> **Task description**: Copy nothing but the text: reproduce each line of the listing exactly and leave the pictures out.

> **Provided data**:

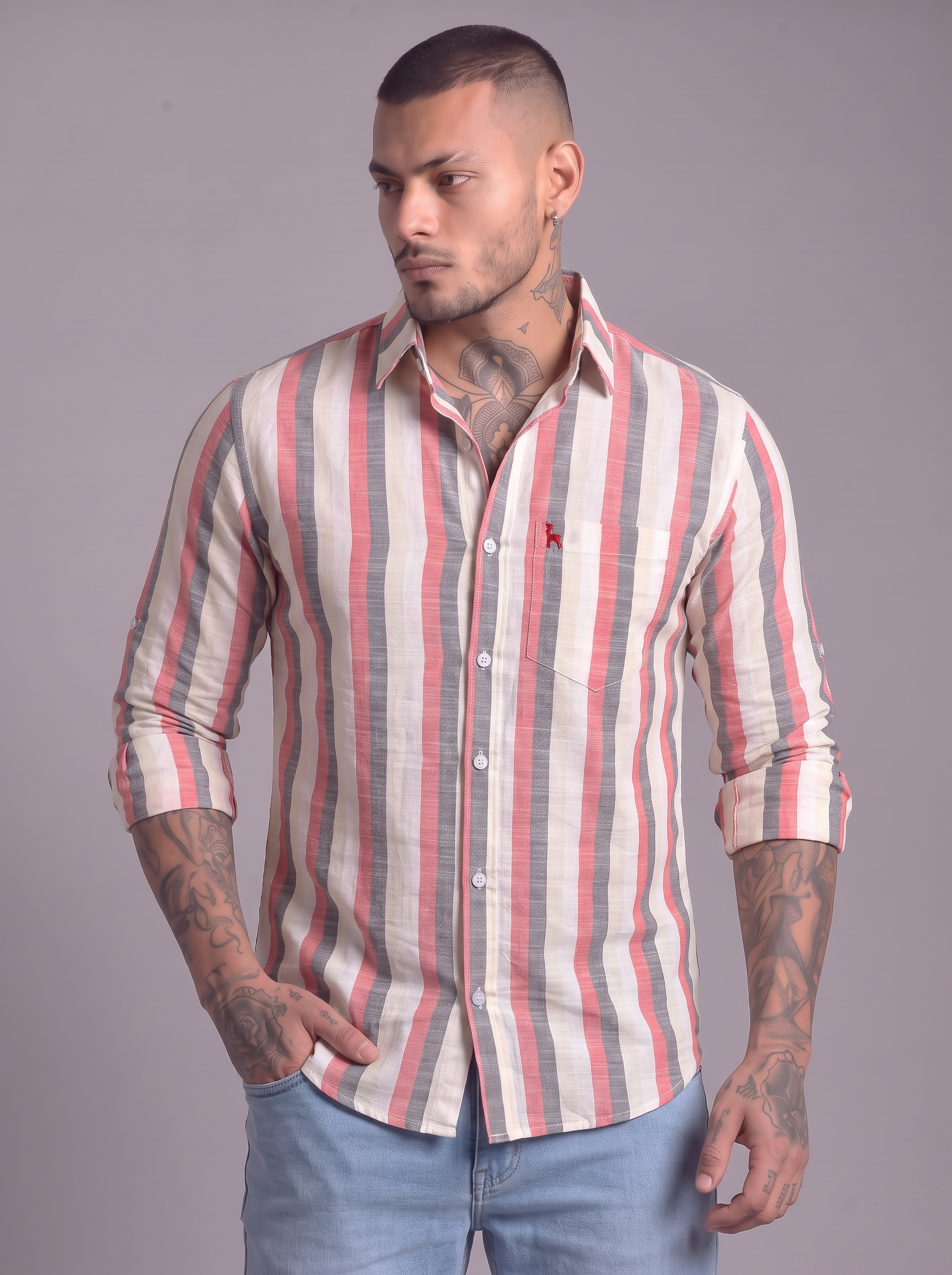 Escape Deer Cotton Linen Shirt EDS 1480 R2 S2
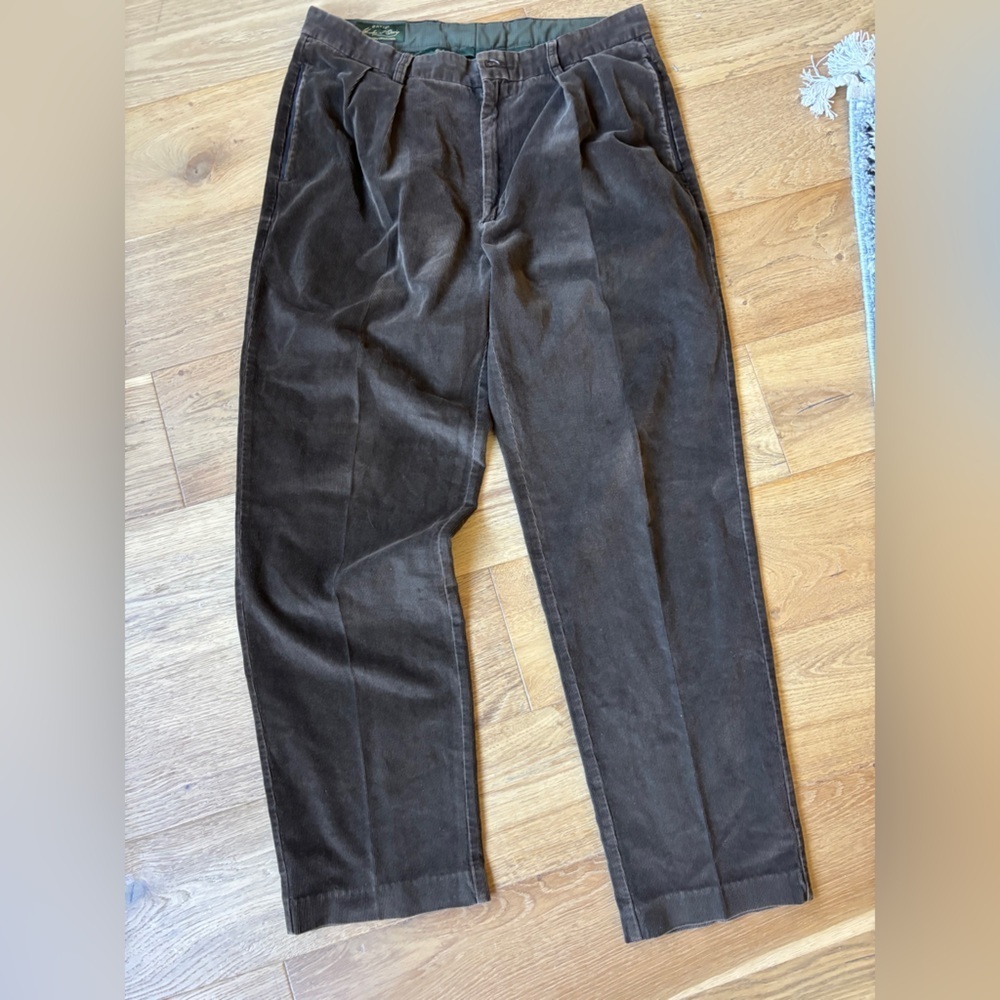 Orvis micro corduroy pleated cuff pants mens 34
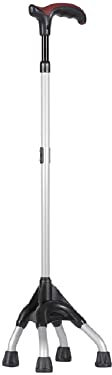 Gima - Gehstock mit stabiler 4-Fuß-Basis, für ältere Menschen, aus Leichtmetall, höhenverstellbar von 74-87 cm, max. Belastung 100 kg, beidhändig tragbar und rutschfester T-Griff, Made in Italy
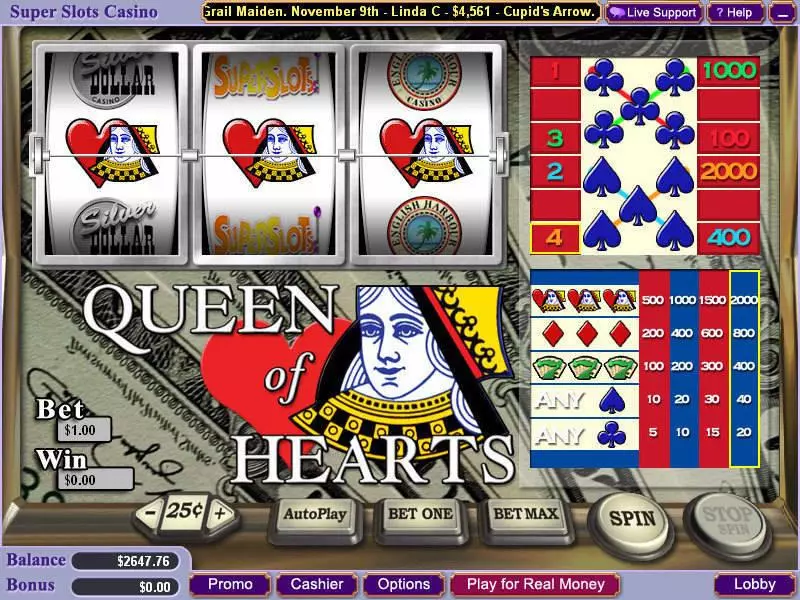 Queen of Hearts Slots made by Vegas Technology - Main Screen Reels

> **Task result**:
 Escape Deer Cotton Linen Shirt EDS 1480 R2 S2
 Orvis micro corduroy pleated cuff pants mens 34
 Gima - Gehstock mit stabiler 4-Fuß-Basis, für ältere Menschen, aus Leichtmetall, höhenverstellbar von 74-87 cm, max. Belastung 100 kg, beidhändig tragbar und rutschfester T-Griff, Made in Italy
 Queen of Hearts Slots made by Vegas Technology - Main Screen Reels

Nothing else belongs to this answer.